The analogy is important because if you grew up in an area with lots of guns around, you don't have that reflexive fear of guns. Familiarity makes for a comfortable coexistence, and makes it easier to think more clearly about the issue. No doubt it's easier for you to think more clearly about it, no matter the conclusions you ultimately draw. People who don't understand that are too quick to judge and dismiss gun-rights proponents as irredeemably stupid or wreckless. And that fear clouds their ability to understand how people could both want a gun and also be trusted to own and use it safely. It feeds into the divisive atmosphere. I don't think guns are some inalienable right, and I don't adhere to the legal theories that have now enshrined those rights. But that lack of fear also makes it easier for me to understand the political costs of regulation, and their viability, and you and I can quickly come to terms with our fundamental disagreement. If you feared guns and thought no sane person whatsoever would want the privilege for himself, let alone for others, to carry around a weapon in public, what would it matter how effective gun regulation would be at stopping gun violence? Just ban them and move on. But that kind of unwillingness to appreciate different cultural values is how we end up with such a divisive political culture, which ultimately empowers extremists and demagogues. Yes, most people supported and still support sensible gun regulation, including most gun owners. But because substantial numbers of a certain type of left-leaning American (white, rich, urban) weren't comfortable joining forces with centrist gun owners--couldn't bring themselves to compromise their notion that there's no legitimate justification for widespread gun possession--they laid the ground work for the current situation. Their brinkmanship has resulted so far in the worst possible legal outcomes.

I can support brinkmanship and a refusal to compromise when it comes to voting rights, or when it comes to abortion and women's bodily autonomy. Those are principles I'm willing to risk everything for. But for guns right? Given all the equivocal evidence about the complex reasons and sources of gun violence? It was pointless and stupid for liberals to be and continue to be so intransigent. Political compromise sometimes means also having to compromise closely held values. And we need to learn to be able to do that more often, especially when our reasons for sticking to our guns, so to speak, are relatively weak compared to other serious issues of the day.


>> We're less violent today than we were 100 years ago, but that's not because of gun regulation.
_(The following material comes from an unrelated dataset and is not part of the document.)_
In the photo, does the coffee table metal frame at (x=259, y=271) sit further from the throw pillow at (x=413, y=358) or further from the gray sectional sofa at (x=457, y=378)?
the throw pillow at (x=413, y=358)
It's because people naturally moved away from it, just like people are naturally moving away from smoking. Government policies coaxed the move away from smoking with public bans and taxation. Importantly, that helped shift the culture. But nobody ever once challenged an individual's right to smoke.

We have less smoking because of government policies which led to better awareness that smoking is really bad for you (as you say), but we do have explicit policies stopping an individual from smoking, in restaurants and businesses. That person's right to smoke up was abridged to help improve the health of others around them.